Standpunkt Harald Mayer: „Sag mir, wo die Ärzte sind?“

10.11.2018 | Aktuelles aus der ÖÄK

© Gregor Zeitler

Wir wissen, dass Österreich eine Pensionierungswelle bei Ärzten bevorsteht. Wir wissen auch, dass unsere Rahmenbedingungen weder in der Ärzteausbildung noch im niedergelassenen Bereich attraktiv genug sind, um Jungmediziner im eigenen Land zu halten. Man muss kein Hellseher sein, um zu erahnen, worauf wir mit Riesenschritten in der Gesundheitsversorgung zusteuern: einem Ärztemangel.

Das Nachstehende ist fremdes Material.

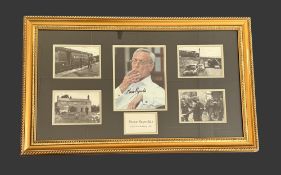 Great Train Robber Bruce Reynolds 36x21inch overall framed and mounted signature display includes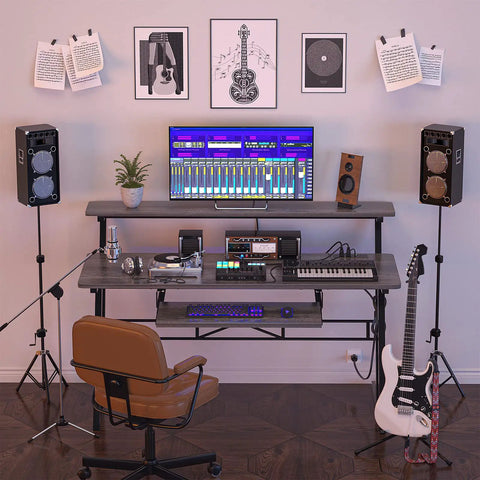 Music Studio Desk Production Workstation With Built In Power Outlet And USB Hub For Recording And Home Studio Use Studio Table For Beat Makers And Producers Grey Oak Finish Includes 3 USB Ports And 2 Outlets with instruments and screen setup.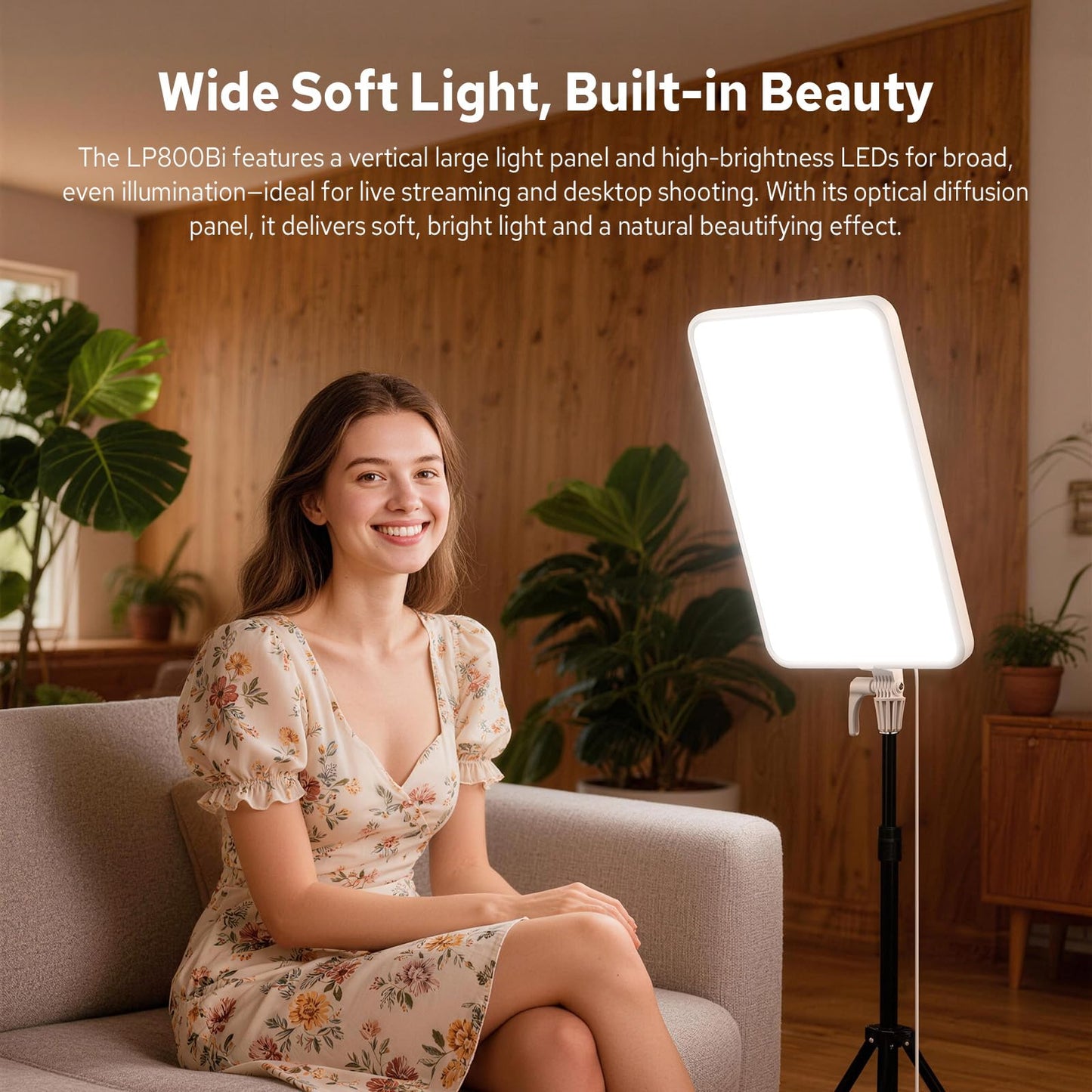 Godox LP800Bi 85W Bi-Color LED Video Light w/Stand, 2800K-6500K, 0-100% Dimmable LED Panel Light, 180°Adjustable Angle, APP Control, CRI96+ TLCI98+, Studio Soft Light for Video Photography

Er ist bereits jetzt schon spürbar. Gleichzeitig spitzt sich die Situation bei Nachwuchsmedizinern zu, denn obwohl jedes Jahr rund 1200 Studenten eine der heimischen Medizin-Universitäten absolvieren, verlassen 38 Prozent der Absolventen das österreichische Gesundheitssystem. Sie kommen in anderen Berufsfeldern unter oder gehen ins benachbarte Ausland, nach Deutschland oder in die Schweiz. Dort werden sie mit offenen Armen aufgenommen. Wollen wir uns wirklich weiterhin diesen Luxus leisten, Jungmediziner einfach ziehen zu lassen? Luxus deshalb, weil die Ausbildung eines Mediziners rund eine halbe Million Euro kostet. Bildung soll frei bleiben, daran darf nicht gerüttelt werden! Was sich aber ändern muss, sind die Bedingungen, unter denen Nachwuchsmediziner ausgebildet werden.

Regelmäßig ruft die Österreichische Ärztekammer Jungmediziner dazu auf, ihre Ausbildungseinrichtungen zu evaluieren. Die Gesamtbeurteilung 2018 lautet „relativ zufrieden“. Im Detail zeigen sich Defizite in den Ausbildungskapazitäten. Junge Ärzte klagen darüber, dass sie zu wenig Feedback von Ärzteausbildnern bekommen, häufig mit Routinearbeiten beschäftigt seien, und sie gerade zu Beginn der Ausbildung ein verbindlich strukturiertes Ausbildungskonzept vermissen würden. Mit der Ärzte- Ausbildungsordnung 2015 (ÄAO) konnten wir bereits einige Ausbildungsdefizite verbessern, wie die Lehrpraxis, die seit Mitte 2018 für angehende Allgemeinmediziner verpflichtend eingeführt wurde. Doch zurücklehnen dürfen wir uns noch lange nicht!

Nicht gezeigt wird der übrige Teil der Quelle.